IOS-XR Layer2 Interconnect
Data Center
Interconnects (DCI) products are targeted at the Edge or Border leaf of Data
Center environments, joining Data Centers to each other in a Point-to-Point or
Point-to-Multipoint fashion, or at times extending the connectivity to Internet
Gateways or peering points. Cisco has two converged DCI solutions; one is with
integrated DWDM and another with advanced L3 routing and L2 switching
technologies. A recent Dell’Oro report, forecasts the aggregate sales of
equipment for DCI will grow by 85 percent over the next five years. This is
driving strong demand for Ethernet Data Center Switch, and Routing
technologies.
The emerging need for simplified DCI offering spans four core markets.
· Mega Scale DC
· Cloud DC
· Telco Cloud
· Large Enterprises
The emergence of cloud computing has seen a rush of traffic being centralized in regional and global data center as the Data Center emergence to being the core of many service deliveries, more recently ‘far edge’ compute in 5G has reemphasized the trend, with DC’s now being at the core of 5G build outs, as Web companies and SPs embark on using automation and modern DC tools to turn up 5G sites at unprecedent rates and look at micro data centers at the edge to enhance the user experience.

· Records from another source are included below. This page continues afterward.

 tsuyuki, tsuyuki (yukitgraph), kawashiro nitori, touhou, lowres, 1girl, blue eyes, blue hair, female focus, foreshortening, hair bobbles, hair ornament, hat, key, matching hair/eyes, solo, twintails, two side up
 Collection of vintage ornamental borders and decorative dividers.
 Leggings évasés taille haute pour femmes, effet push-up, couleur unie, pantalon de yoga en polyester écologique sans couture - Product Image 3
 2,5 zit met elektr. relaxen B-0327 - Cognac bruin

DCI’s newest architectures is drive by massive DCs that need connecting by either leased lines from SPs or by deploying their own or leasing dark fiber.

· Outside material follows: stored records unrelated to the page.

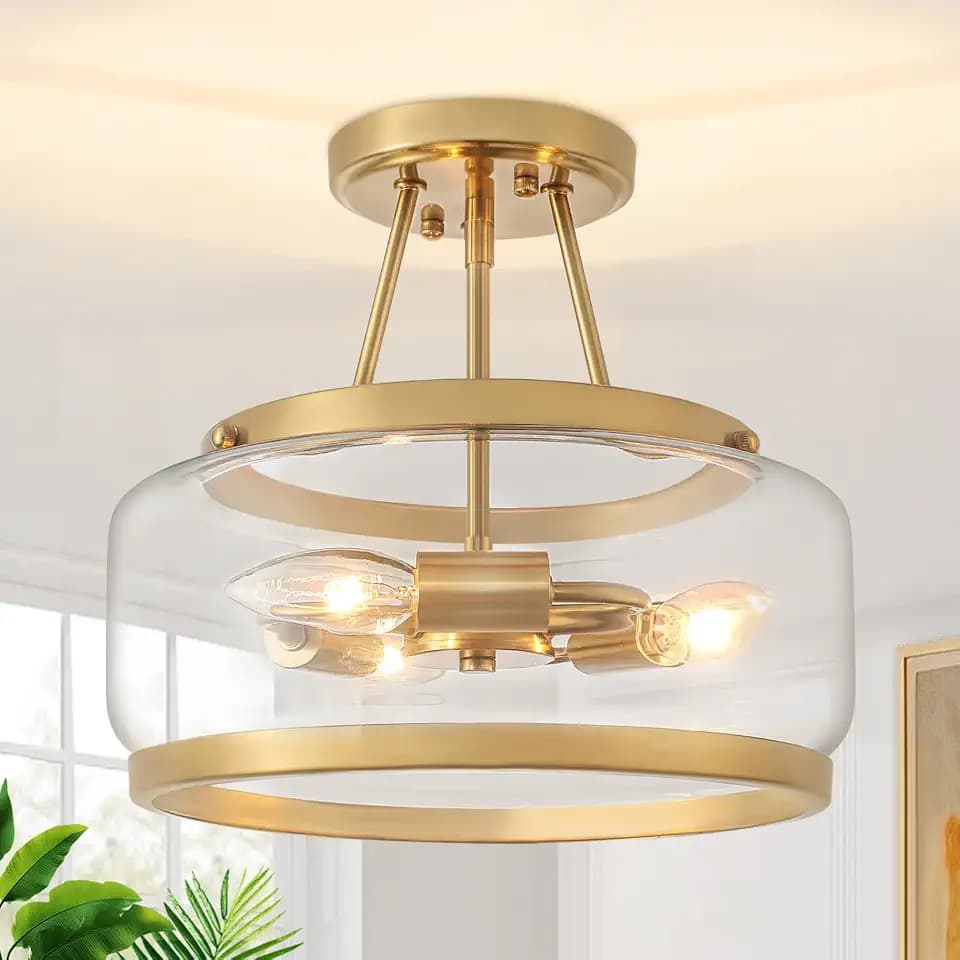 11.81" Brushed Gold Semi Flush Mount Ceiling Light Hallway Light Fixtures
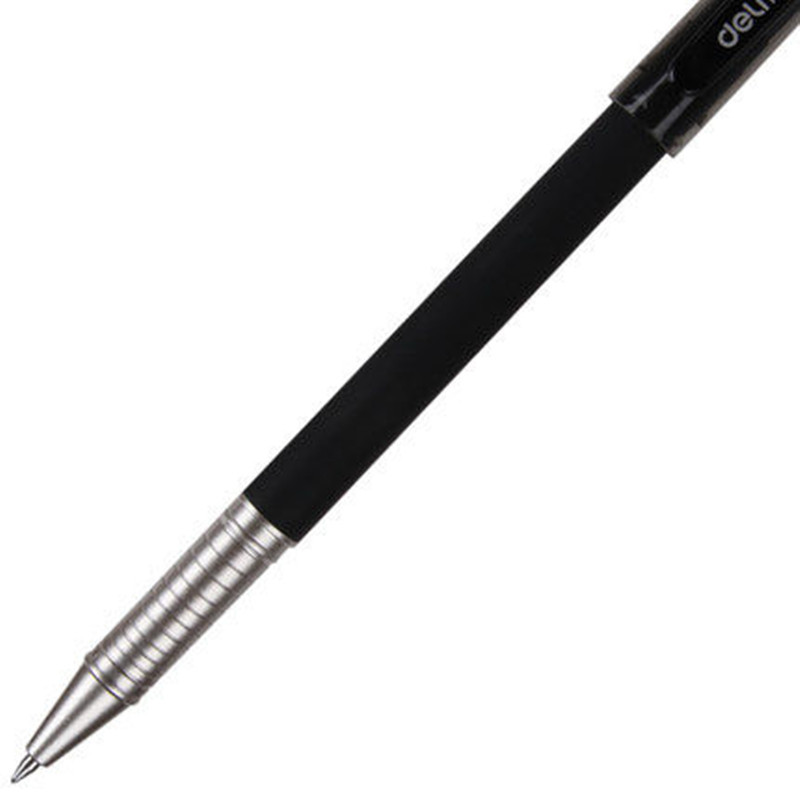 得力商务中性笔S77 0.5MM 水性笔磨砂笔杆签字笔 黑 简约大气【办公用品A仓满29包邮】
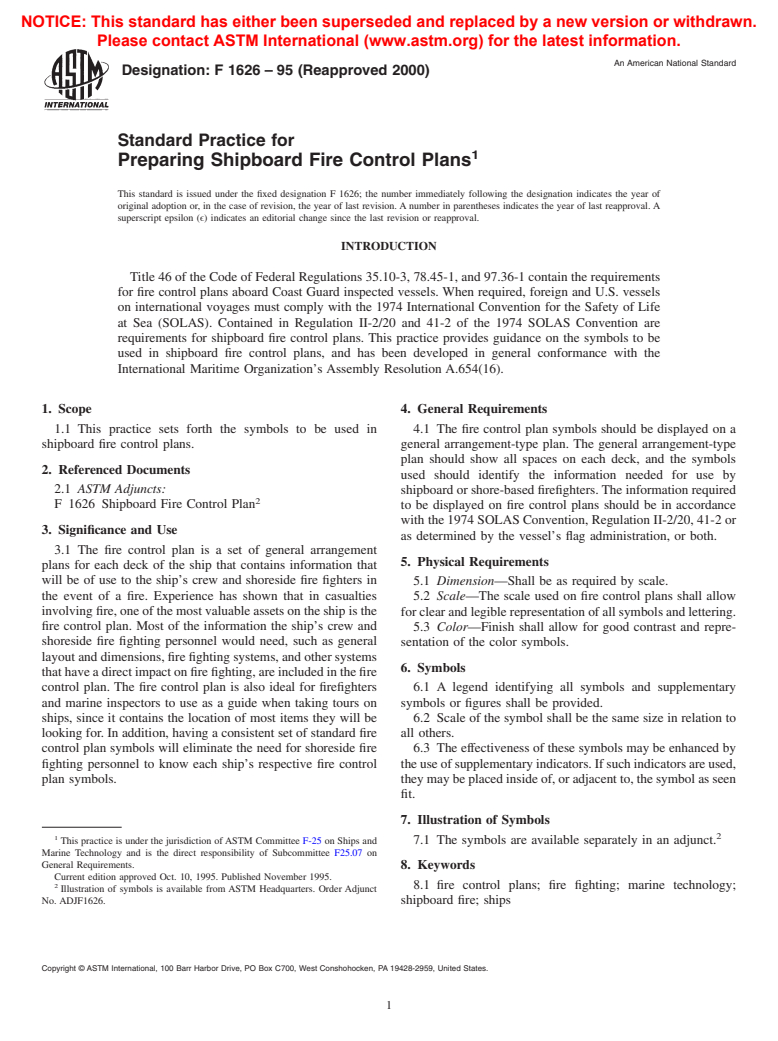 ASTM F1626-95(2000) - Standard Practice for Preparing Shipboard Fire Control Plans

Inside the DC they often deploy a mix of their home-grown applications over and defined technologies, mostly L2 type services to reach compute hosts at the peripherals, although we have seen recent trends of L3 being expended all the way to compute with Segment Routing (SR).

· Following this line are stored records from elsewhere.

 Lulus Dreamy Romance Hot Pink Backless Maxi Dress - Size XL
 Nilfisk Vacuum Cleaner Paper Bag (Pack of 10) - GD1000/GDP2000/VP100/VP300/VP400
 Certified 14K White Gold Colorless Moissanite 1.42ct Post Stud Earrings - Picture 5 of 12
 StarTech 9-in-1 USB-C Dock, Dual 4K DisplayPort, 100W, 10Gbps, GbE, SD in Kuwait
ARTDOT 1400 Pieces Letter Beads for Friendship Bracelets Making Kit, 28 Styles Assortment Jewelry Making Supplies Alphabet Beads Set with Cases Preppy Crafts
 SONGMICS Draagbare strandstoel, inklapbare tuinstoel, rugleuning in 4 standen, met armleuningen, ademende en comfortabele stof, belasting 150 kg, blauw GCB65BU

Outside the DC fiber is less abundant and inter DC solutions are fairly standardized with SP class products providing the richest functionality at the most optimal scale and price point. A motivation in the last 2 years for further DCI upgrades has been the migrating to MacSec for Inter DCI links.
A most recent trend is of 100GE and 400GE Data center build outs, driving DCI upgrades, we’re seeing customers migrate to higher speed links at different inflection points, with 100GE being the sweet spot current, creating catalyst for Terabit platforms that support advanced L2/L3 VPN services and Route and Bridge functions, case in point ASR9000 and NCS5500.
2. ASR 9000 L2 DCI GW feature overview
Ethernet VPN (EVPN) and Virtual Extensible LAN (VXLAN) have
become very popular technologies for Data Center (DC) fabric solution. EVPN is
used as a control plane for the VXLAN-based fabric and provides MAC addresses
advertisements via MP-BGP. It eliminates the use of the flood and learn
approach of original VXLAN standard (RFC7348.)
As a result, DC fabric allows to reduce unwanted flooding traffic,
increase load sharing, provide faster convergence and detection of link/device
failures, and simplify DC automation.
ASR9k as a feature reach platform can be used in DC fabric as a
DC edge router. With one leg in DC and other in WAN, ASR9k is the gateway for
traffic leaving/entering DC. At DC
fabric facing, ASR9k operates as border leaf. At MPLS WAN facing, ASR9k
operates as WAN edge PE. Such type of router is commonly referred to as DC
Interconnect (DCI) Gateway router or EVPN-VXLAN L2/L3 gateway.
There are two main use-cases that are widely known in the
industry: L3 DCI gateway as a solution
for L3VPN service on VXLAN fabric and L2-based gateway which provides L2
stitching between VXLAN fabric and MPLS -based Core.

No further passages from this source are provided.